Exercise materials below:

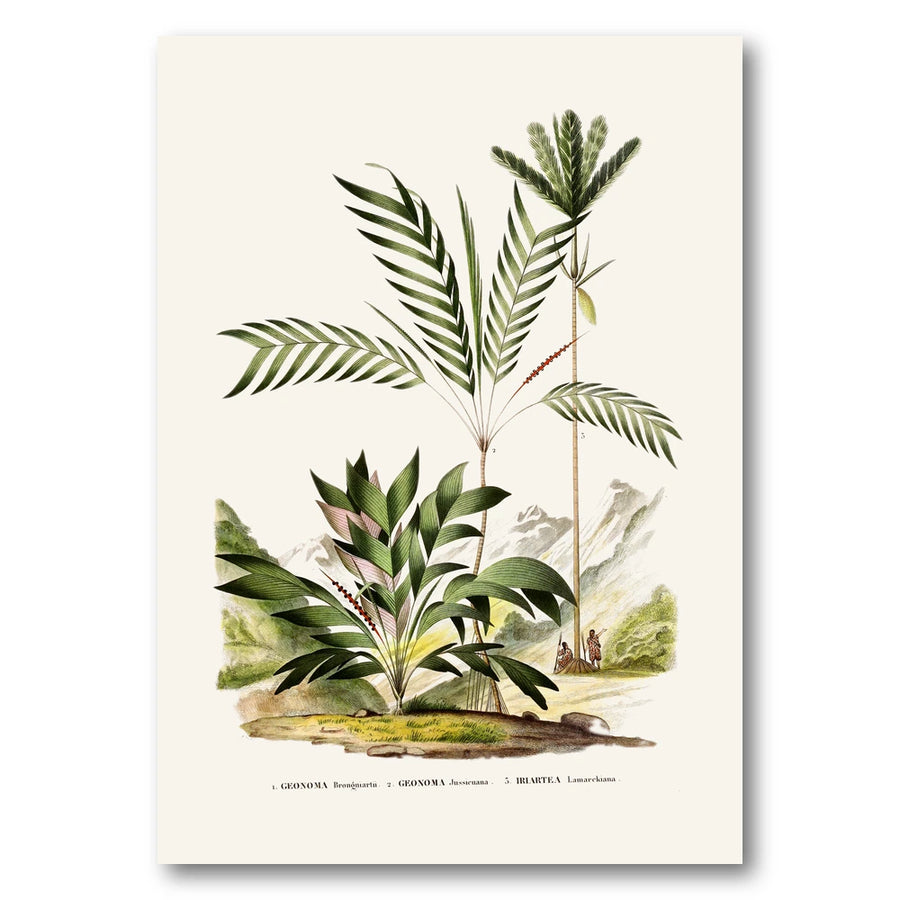 Brazilian Palms No. 12 Art Print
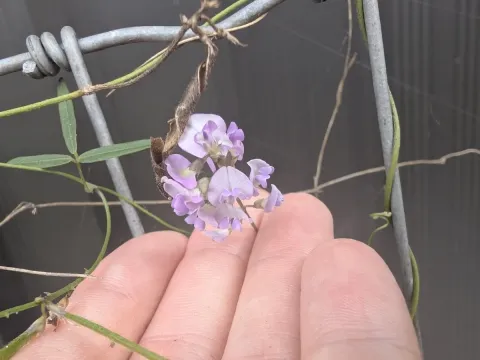 Soybean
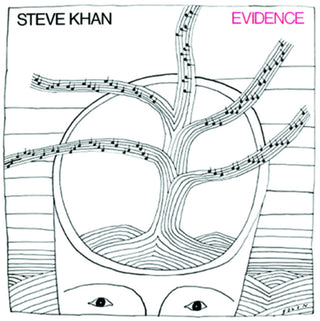 the album cover for Steve Khan - Evidence
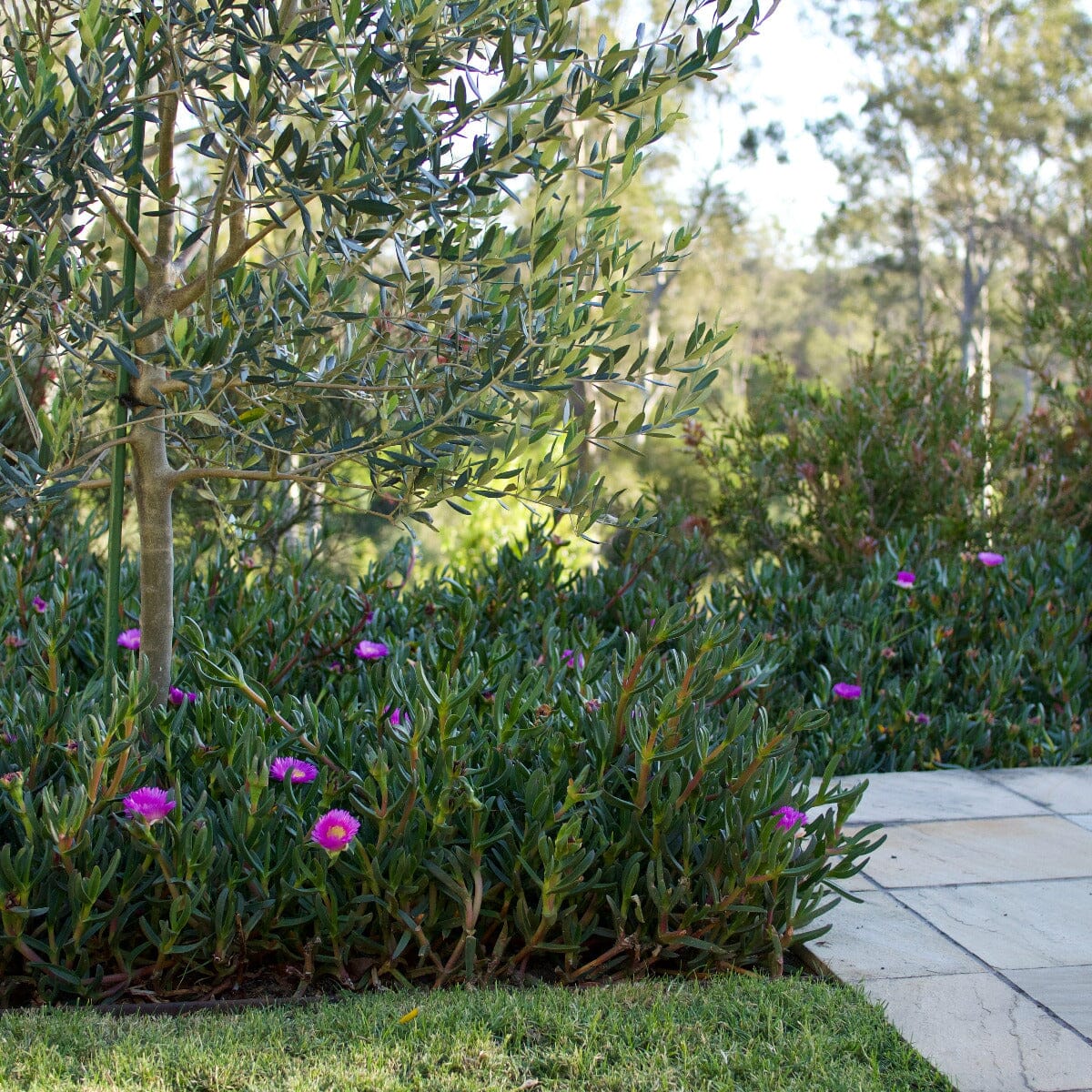 Carpobrotus rossii, Pig Face Brookfield Gardens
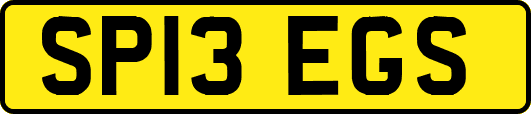 SP13EGS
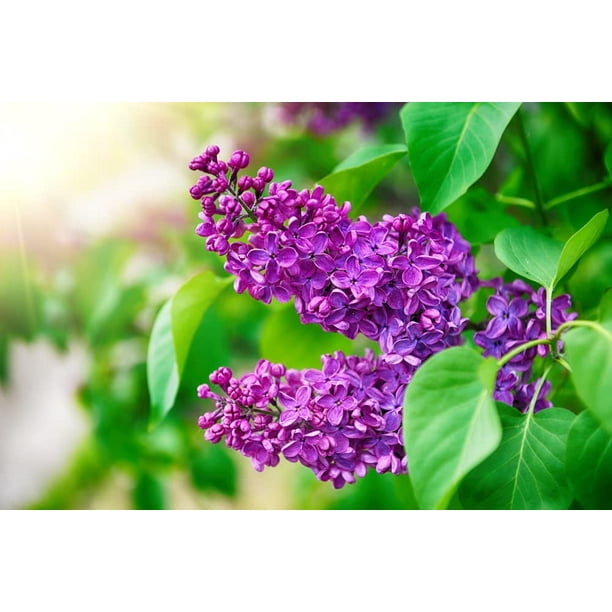 Cz 30 Lilac Bonsai Plant Seeds, Vibrant Purple Blooms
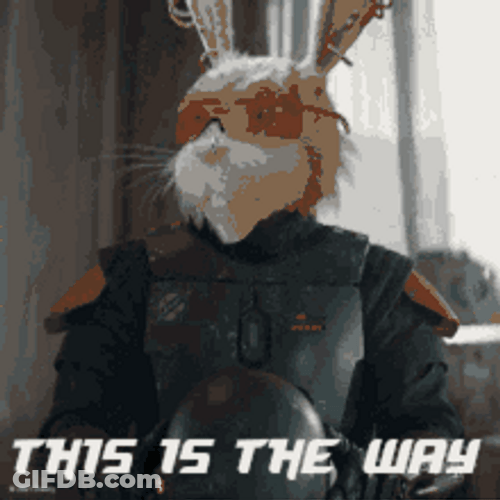 This Is The Way Rabbit Wearing Helmet GIF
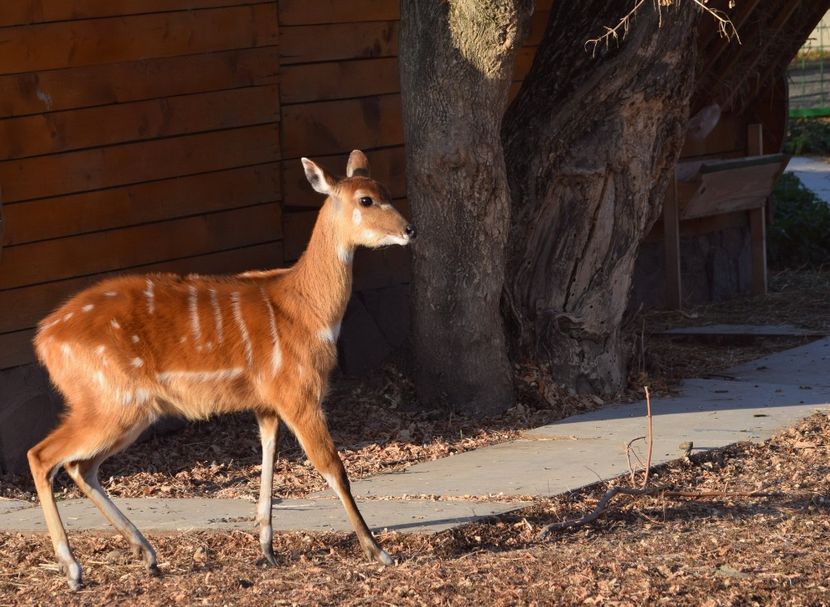  - Vizita la Zoo Oradea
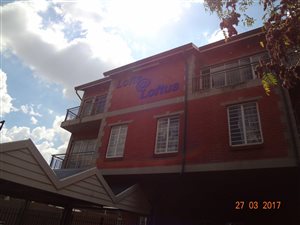 1 Bedroom Apartment in Arcadia
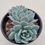 Thumbnail: Echeveria Celeste 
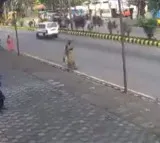 car rammed into some women walking on the footpath beside the road at over speed in mangalore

End of Exercise materials.

Task statement —
Reproduce the entries above exactly, though not their pictures.

Solution to this exercise —
 Brazilian Palms No. 12 Art Print
 Soybean
 the album cover for Steve Khan - Evidence
 Carpobrotus rossii, Pig Face Brookfield Gardens
 SP13EGS
 Cz 30 Lilac Bonsai Plant Seeds, Vibrant Purple Blooms
 This Is The Way Rabbit Wearing Helmet GIF
  - Vizita la Zoo Oradea
 1 Bedroom Apartment in Arcadia
 Thumbnail: Echeveria Celeste 
 car rammed into some women walking on the footpath beside the road at over speed in mangalore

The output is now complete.